(DATA FOR THIS TASK Opens)

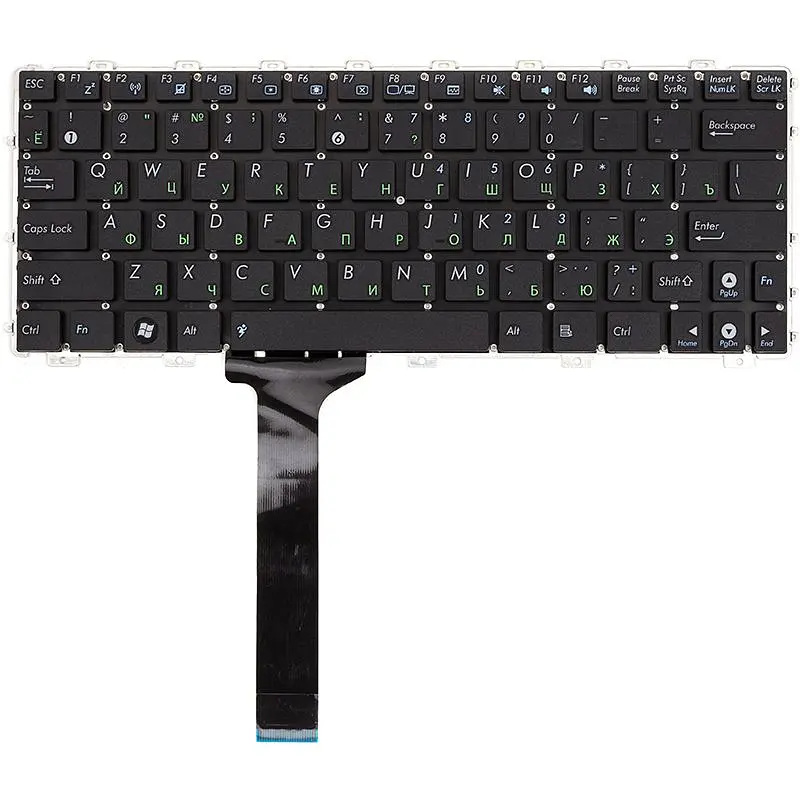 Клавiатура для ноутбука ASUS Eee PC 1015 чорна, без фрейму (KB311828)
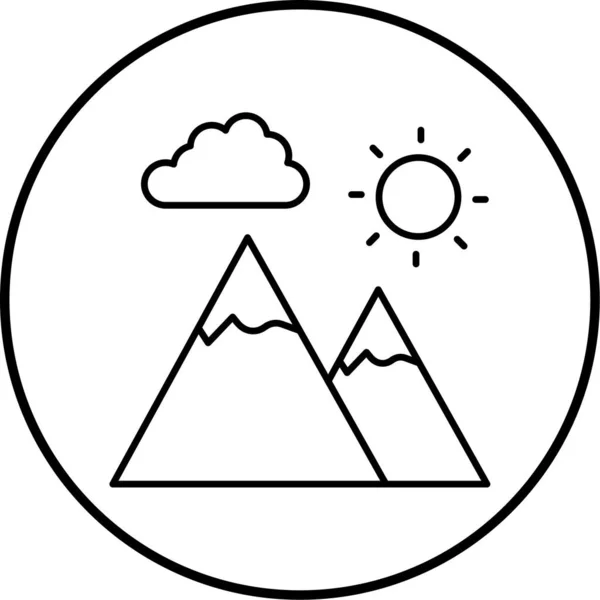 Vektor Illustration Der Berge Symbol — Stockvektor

(DATA FOR THIS TASK Closes)
(DATA FOR THIS TASK Opens)

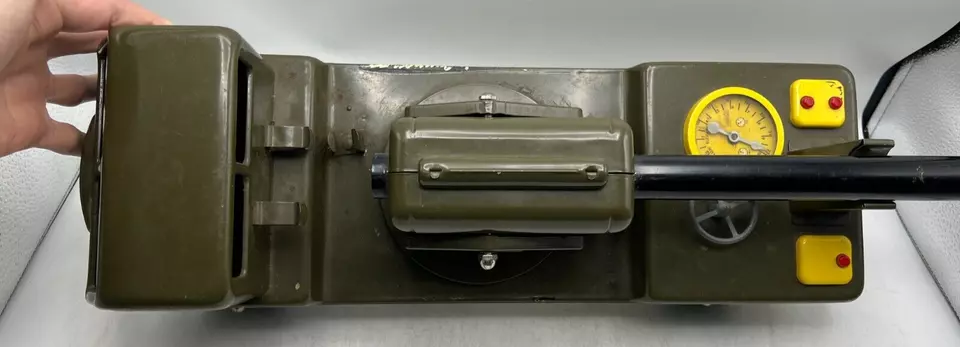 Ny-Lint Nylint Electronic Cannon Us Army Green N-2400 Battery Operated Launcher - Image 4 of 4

(DATA FOR THIS TASK Closes)
(DATA FOR THIS TASK Opens)

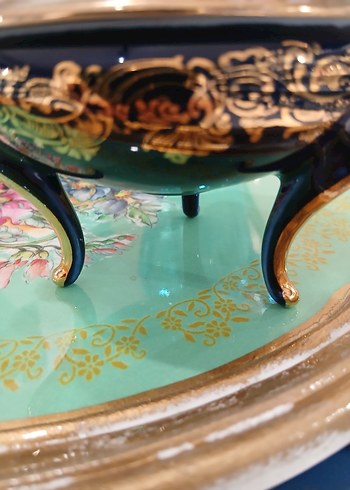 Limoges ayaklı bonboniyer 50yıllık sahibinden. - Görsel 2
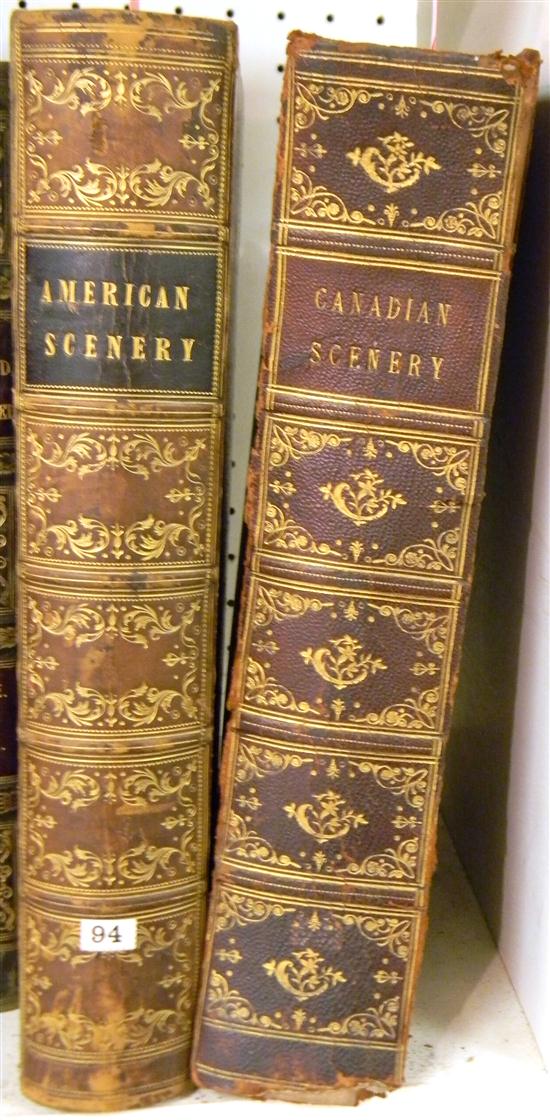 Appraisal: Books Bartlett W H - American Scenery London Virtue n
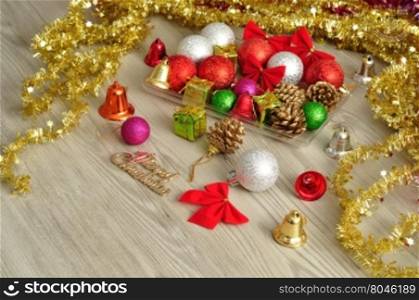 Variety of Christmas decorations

(DATA FOR THIS TASK Closes)

BRIEF
Look above for the line with "Appraisal: Books Bartlett" and the line with "Variety of Christmas decorations", then copy them and all lines in between exactly as written, and only those, without any pictures.

EXERCISE SOLUTION
 Appraisal: Books Bartlett W H - American Scenery London Virtue n
 Variety of Christmas decorations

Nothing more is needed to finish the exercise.